Mengistu is a driver and - unusually for a refugee in this part of the world - owns a four-wheel drive vehicle. It was a present from a man whose life had been saved by Mengistu's late father.

So he was able to drive along the road until he met his uncle, Akway, cram the entire family into the car, and bring them back to the humble compound he shares with his wife and two children in Gorom, a settlement for 2,400 Ethiopian refugees some 25 kilometres west of South Sudan's capital, Juba. Since fighting broke out across the country, some 500 South Sudanese have also sought sanctuary here.

Recalling the evening he brought his uncle's large family home, Mengistu says: "When they arrived they looked scared but we told them, 'let us believe in God, because our God is with us'."

Mengistu's family is happily sharing its food rations with all his guests. "The problem is we don't have enough food," he says. "They have stayed here for a week now. This week we have shared the food and now it got finished. I don't know what am going to do."

UN refugee agency community services officers visited the family recently to see what they needed to continue being good hosts - and to check on the welfare of all the refugees as well as the South Sudanese who have sought safety here.

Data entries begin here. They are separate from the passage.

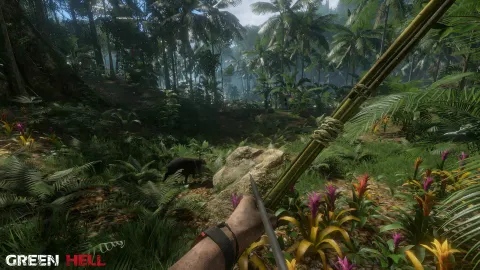 Jungle Survival Horror Game Green Hell Is Getting VR Support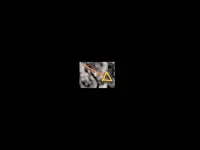 mina2.webp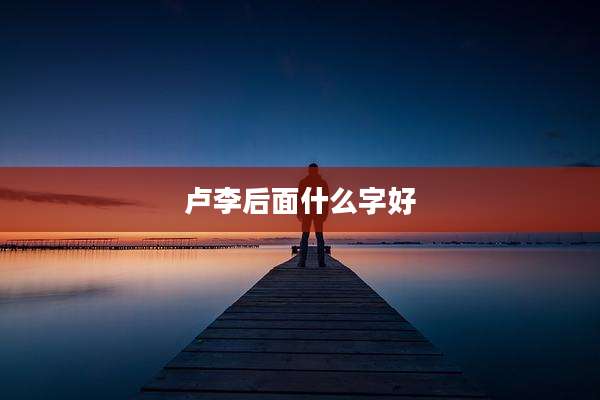 卢李后面什么字好
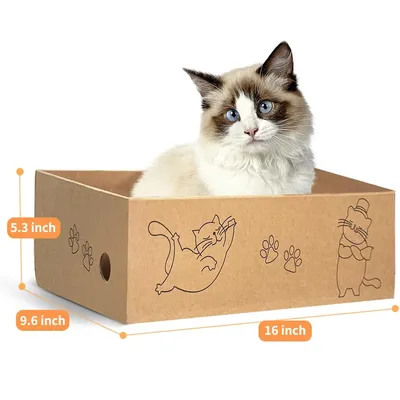 UAMLY Planche à gratter pour chat en forme de boîte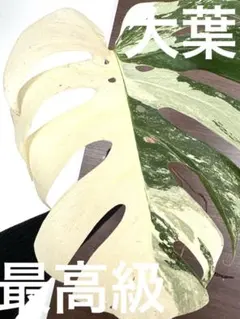 2025年最新】斑入りモンステラ ホワイトタイガーの人気アイテム - メルカリ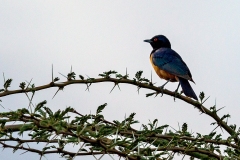 Hildebrandt's Starling [Lamprotornis hildebrandti] 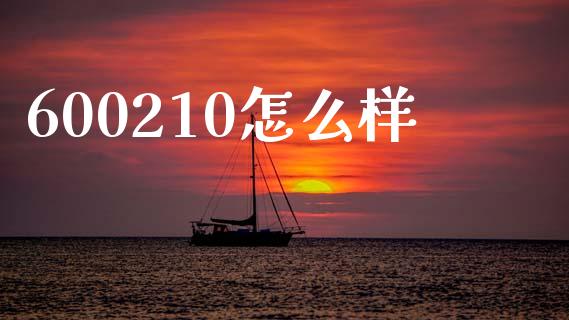 600210怎么样_https://m.lcpcjs.com_恒指期货保证金_第1张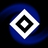 Roadrunner_HH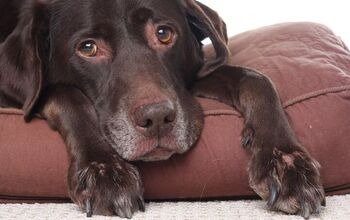 Can You Prevent Joint Pain in Dogs?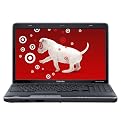 Toshiba Satellite 16.0" Notebook Computer - Black (A505-S6981)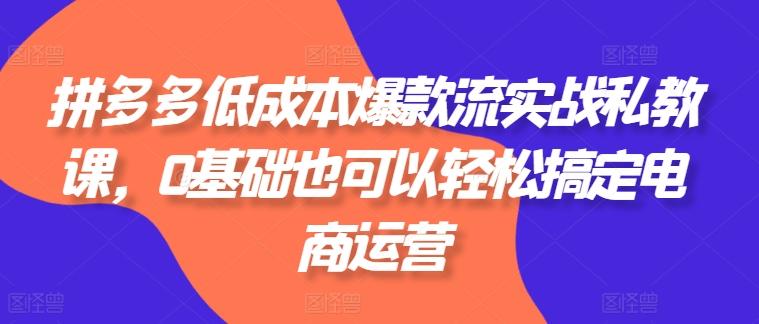 拼多多低成本爆款流实战私教课，0基础也可以轻松搞定电商运营-七七项目网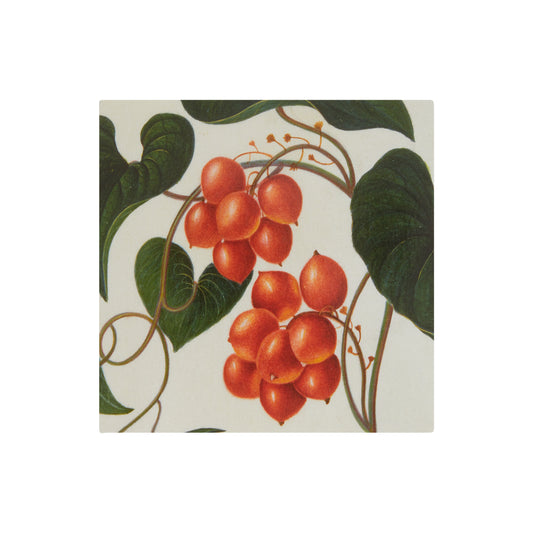 Small square Christmas card - illustration of black bryony plant. By James Bolton. From the collection of the Fitzwilliam Museum. 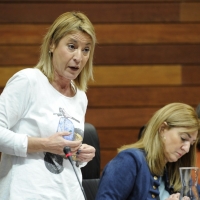PP exige que Vergeles comparezca urgentemente ante las graves incidencias en las ambulancias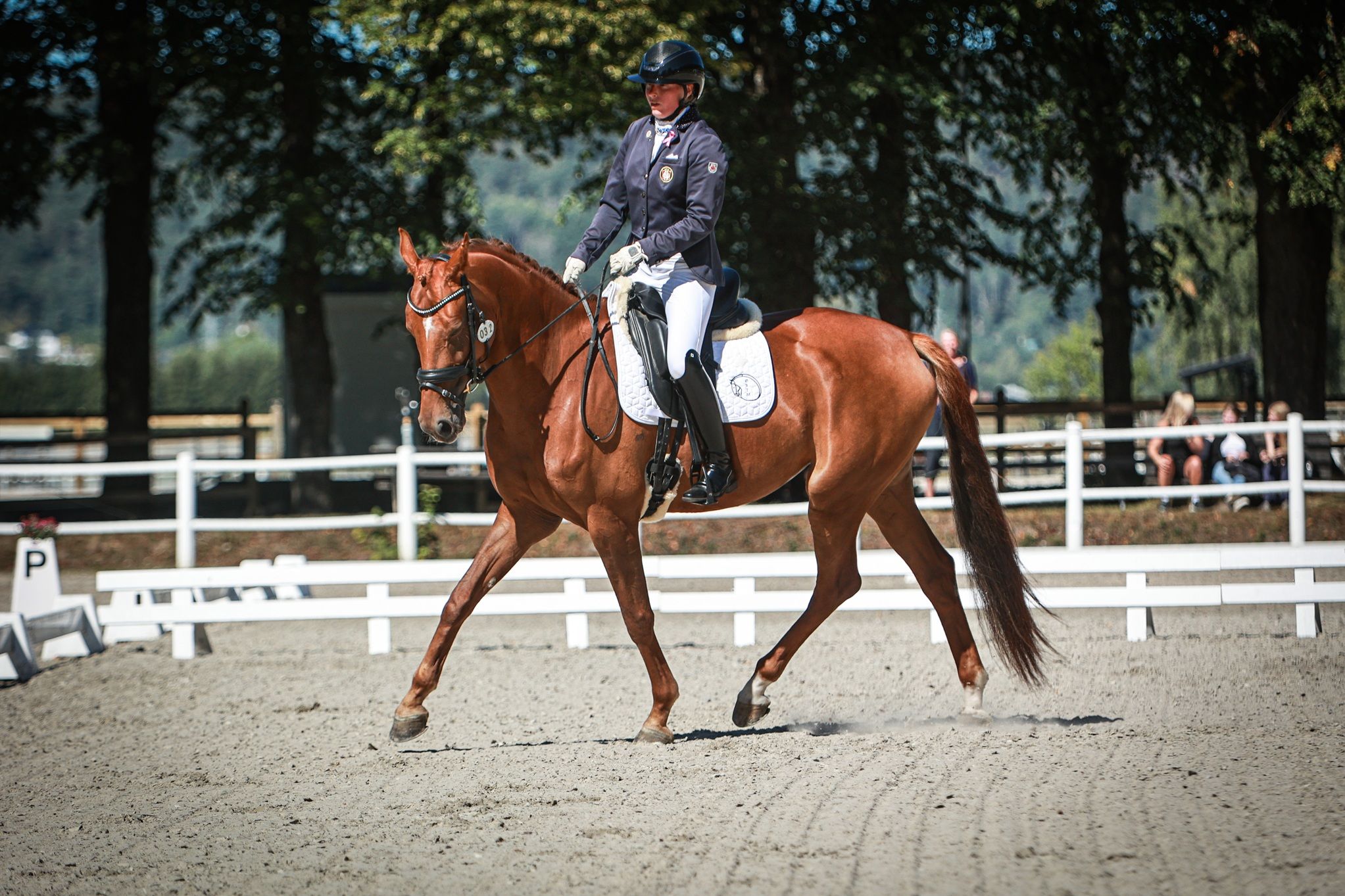 hest / Norges Rytterforbund / Paradressur / Ine Nyhuus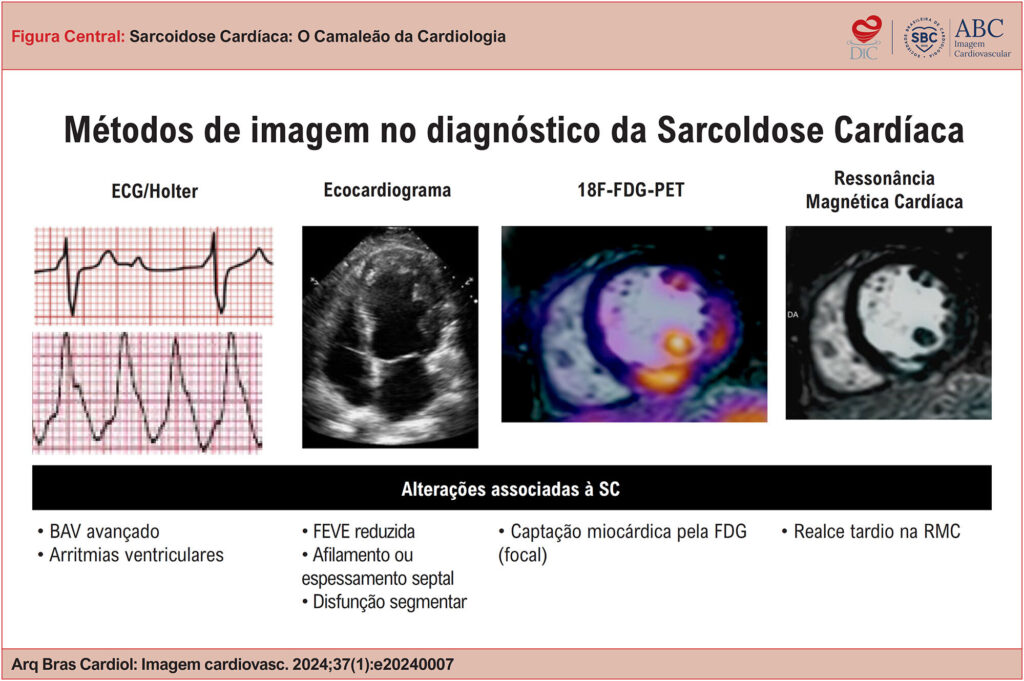 Imagem 1 da galeria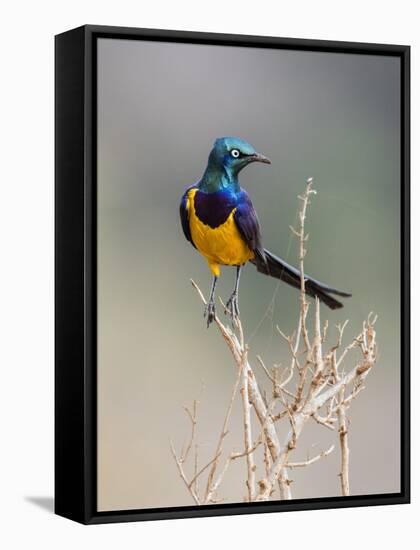 Kenya, Taita-Taveta County, Tsavo East National Park. a Golden-Breasted Starling-Nigel Pavitt-Framed Premier Image Canvas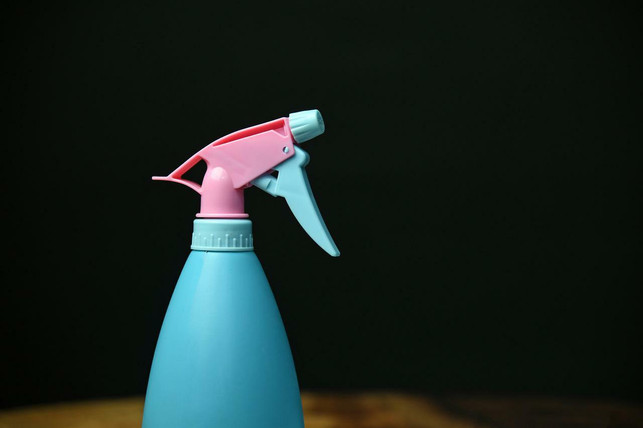 mit-einer-spruehflasche-wirst-du-wespen-los-ohne-i-cc0-pixabay-se-kimseng-220812_download Mit einer Sprühflasche wirst du Wespen los, ohne ihnen zu schaden.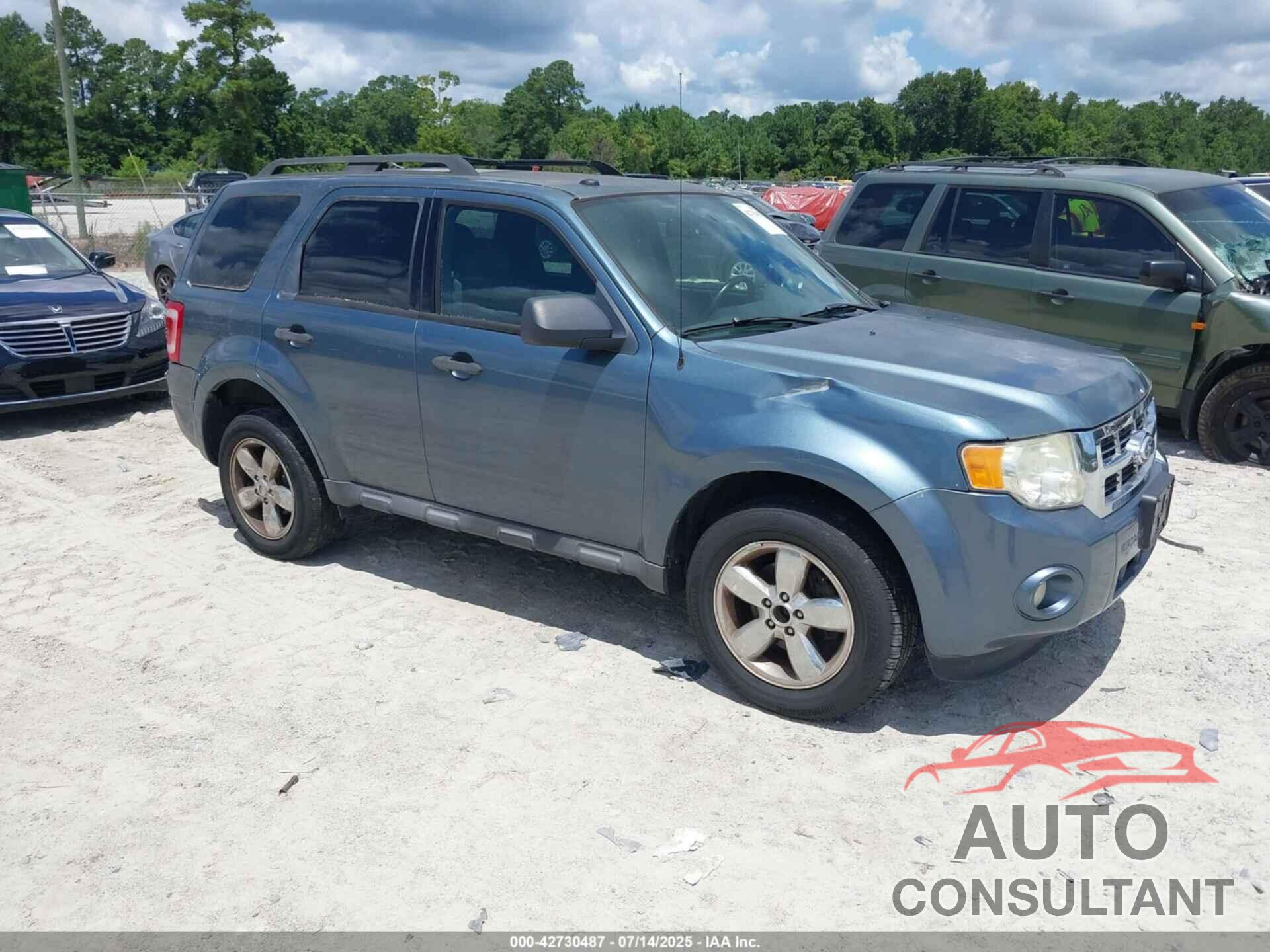 FORD ESCAPE 2010 - 1FMCU0D75AKC62199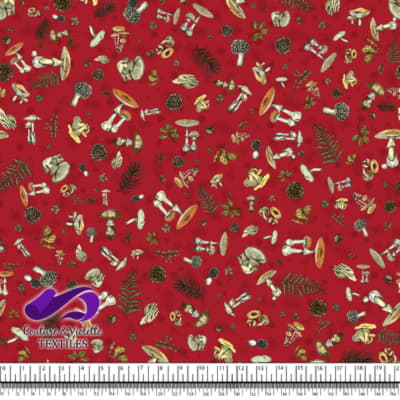 Vintage mushroom - Champignons sauvages - Lava fall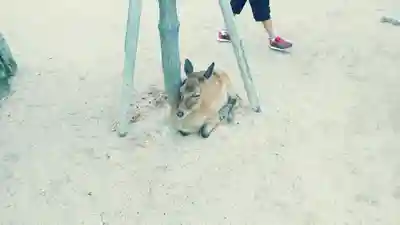 厳島神社(広島県)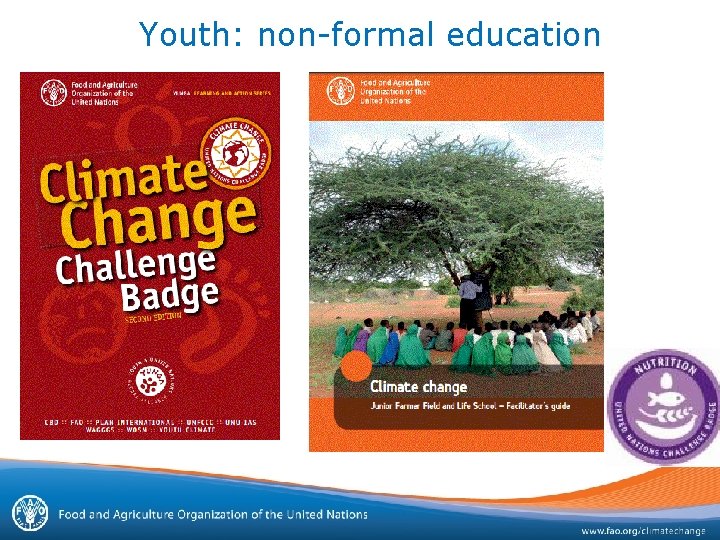 Youth: non-formal education 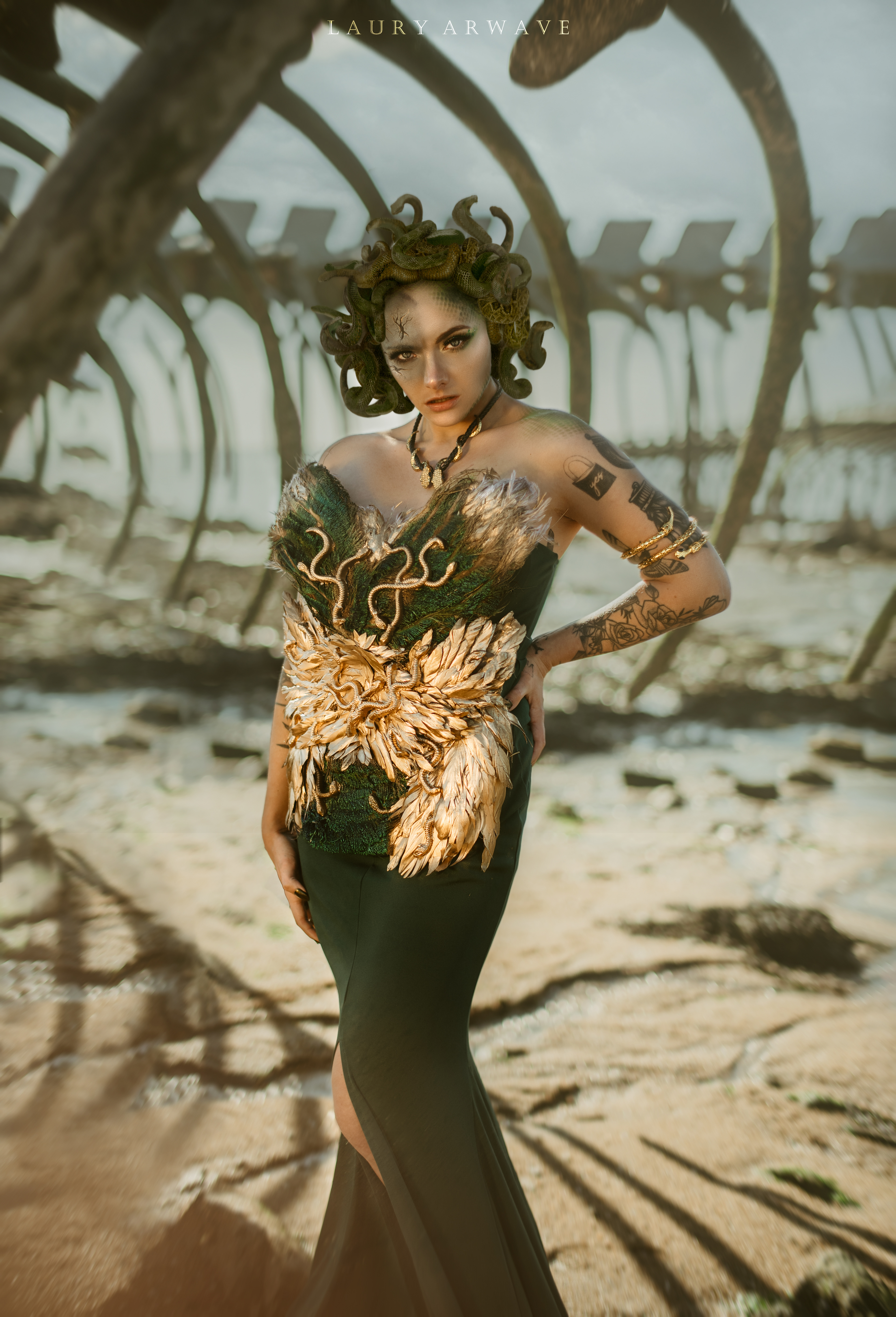 PROJET MEDUSA - Modèle Romane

"Based on the reports we have, they finish the food they have before the end of the month because they have been sharing and assisting these new arrivals," says Joyce Nduru, UNHCR's community services officer.

Mengistu does see the irony of refugees giving sanctuary to citizens of the very country that is protecting him and his fellow Ethiopians. But he says he could hardly turn his back on his South Sudanese relatives.

"When they came here, we didn't chase them out," Mengistu says. "We accepted them, because we are one. What happened to them is something that also happened to us."